With feelings of guilt, resentment, anger, sadness, confusion, and loneliness (to name a few) gathering within me, I decided that change was necessary. I needed to get out of this hole I had dug myself into and I needed to do it fast. If I did not, I could be risking my health, jeopradizing the healing process, and leading myself on a pathway to serious depression. I decided that I would make it a point to visit the social worker at the hospital regularly. This would give me a neutral person to talk with about my feelings. My first meeting with him a few weeks earlier also gave me the feeling that he understood where I was coming from because he had dealt with so many cancer patients in the past.

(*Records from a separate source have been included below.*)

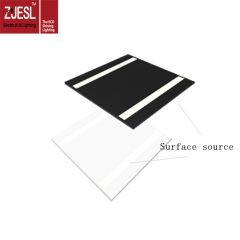 High-end appearance, atmospheric, 1-10v dimming, blocking ultraviolet corrosion resistance, flexible installation, ugr<13, can effectively protect the human eye panel light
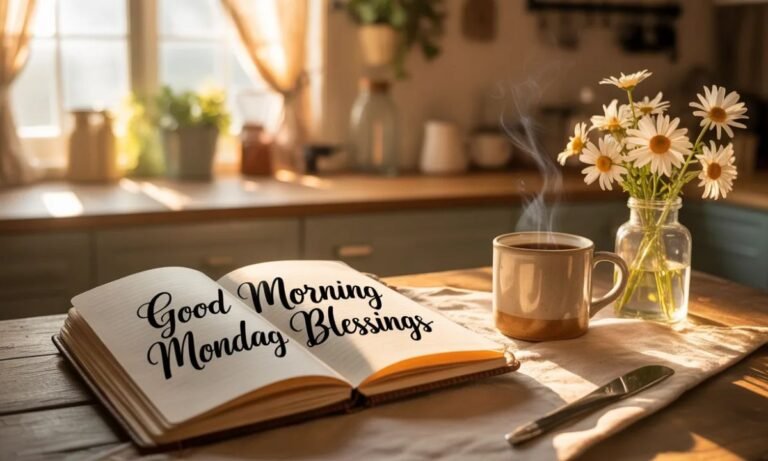 71+ Good Morning Monday Blessings, Images and Quotes (1)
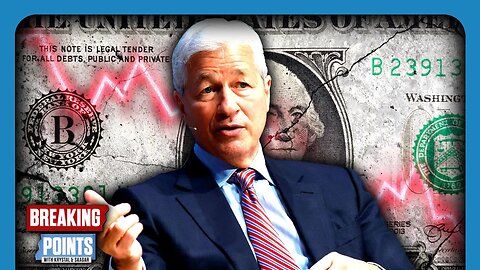 ENEMY WITHIN: Jamie Dimon's GRAVE Warning On Dollar Decline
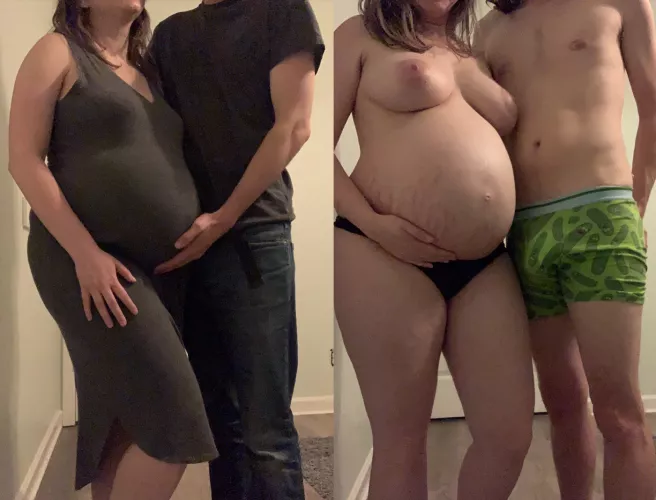[F/M] Pregnant wife and husband clothed/unclothed by sexystonercpl
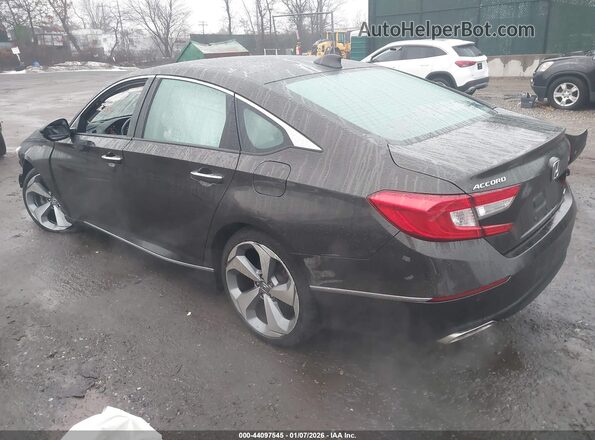 1HGCV1F95JA163914 2018 HONDA ACCORD Коричневый Задняя левая четверть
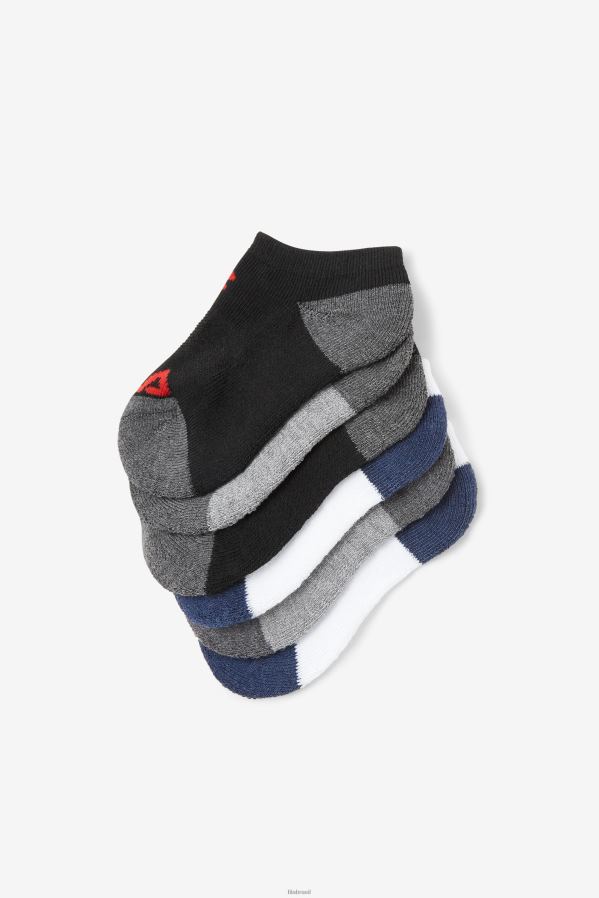 multi FILA meia infantil acolchoada no show fila pacote com 10 HXJFD1068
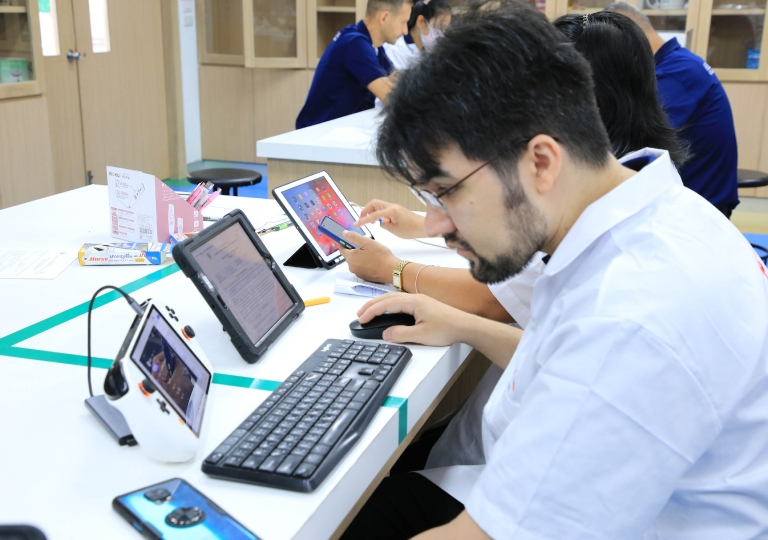 The Lab Practice Synergy Seminar & Workshop was held by the EP Science Department on 4 October 2023 at Einstein Lab.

Thus, I made an appointment with the same social worker I had met with briefly a few weeks before and began meeting with him on a weekly basis. At first I went alone and talked about anything and everything that was on my mind. He reassured me that the feelings I was having were perfectly normal. He expressed that many people feel lonely and isolated following treatment and that this is cause for feelings of depression and anxiety. He also spoke with my doctor about the mood swings I was experiencing. My doctor told him that the hormonal therapy I had just begun a couple months earlier was definitely a culprit in this. I now know that one of the major side effects of Tamoxifen, the hormonal therapy I am to be on for 5 years, is mood swings and depression. The side effects caused by Tamoxifen are actually quite similar to the symptoms of menopause (and as most of you probaly know, one of the major symptoms of menopause is severe mood swings).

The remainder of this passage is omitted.